La Secretaría de Gobernación (Segob) ha dado un paso trascendental al publicar en el Diario Oficial de la Federación la sentencia que declara al Estado mexicano responsable en el caso de Ernestina Ascencio, una víctima de tortura y violación.

Este acto, que se materializó este miércoles, forma parte integral de las medidas de reparación ordenadas por la Corte Interamericana de Derechos Humanos (CIDH), un organismo internacional que ha fungido como pilar en la defensa y exigencia de justicia para las víctimas de violaciones graves a los derechos humanos en América Latina.

Un Precedente Histórico en la Lucha por la Justicia

El caso de Ernestina Ascencio, ocurrido hace años, se ha convertido en un símbolo de la lucha contra la impunidad y la violencia de Estado en México. La publicación de esta sentencia no solo representa un reconocimiento oficial de las atrocidades cometidas, sino que también sienta un precedente fundamental para futuros casos y para la consolidación del Estado de Derecho en el país.

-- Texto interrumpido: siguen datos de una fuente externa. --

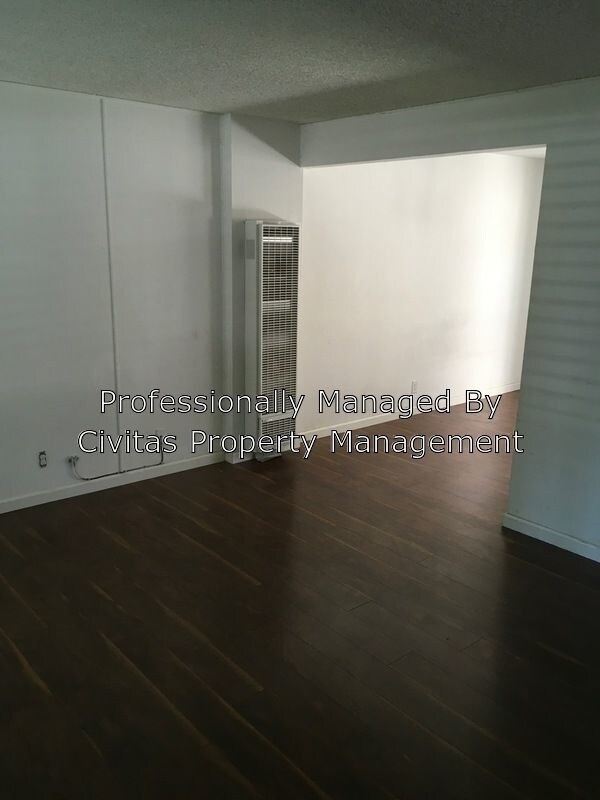 Building Photo - 3227 Parkhaven Dr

La CIDH, al emitir su fallo, reconoció la responsabilidad del Estado mexicano por la tortura y la violación sexual sufridas por Ascencio, hechos que se perpetraron en un contexto de profunda vulnerabilidad y abuso de poder. La sentencia exige al gobierno mexicano la implementación de diversas medidas para reparar el daño causado a la víctima y a su familia, así como para garantizar que este tipo de sucesos no se repitan.

Medidas de Reparación y Garantía de No Repetición

Entre las medidas de reparación ordenadas por la Corte Interamericana se encuentran, además de la publicación de la sentencia, la realización de actos públicos de reconocimiento de responsabilidad, la implementación de programas de capacitación para funcionarios públicos en materia de derechos humanos, y la garantía de acceso a la justicia y a la verdad para las víctimas.

La publicación en el Diario Oficial de la Federación es un paso crucial para dar visibilidad a la sentencia y para asegurar que las autoridades competentes cumplan con las obligaciones que emanan de ella. Este acto formaliza el reconocimiento de la responsabilidad estatal y abre la puerta a la implementación efectiva de las medidas de reparación.

El Contexto de la Violencia de Estado en México

Históricamente, México ha enfrentado serios desafíos en materia de derechos humanos, particularmente en lo que respecta a la violencia de Estado, la tortura y la violencia sexual. Casos como el de Ernestina Ascencio han puesto de manifiesto las profundas fallas en los sistemas de procuración e impartición de justicia, así como la necesidad urgente de reformar las instituciones para garantizar la protección de los ciudadanos.

La sentencia de la CIDH en este caso subraya la importancia de la supervisión internacional y de los mecanismos de rendición de cuentas para asegurar que los Estados cumplan con sus obligaciones en materia de derechos humanos. La Corte ha sido un actor clave en la exigencia de justicia para las víctimas cuando los sistemas nacionales han fallado.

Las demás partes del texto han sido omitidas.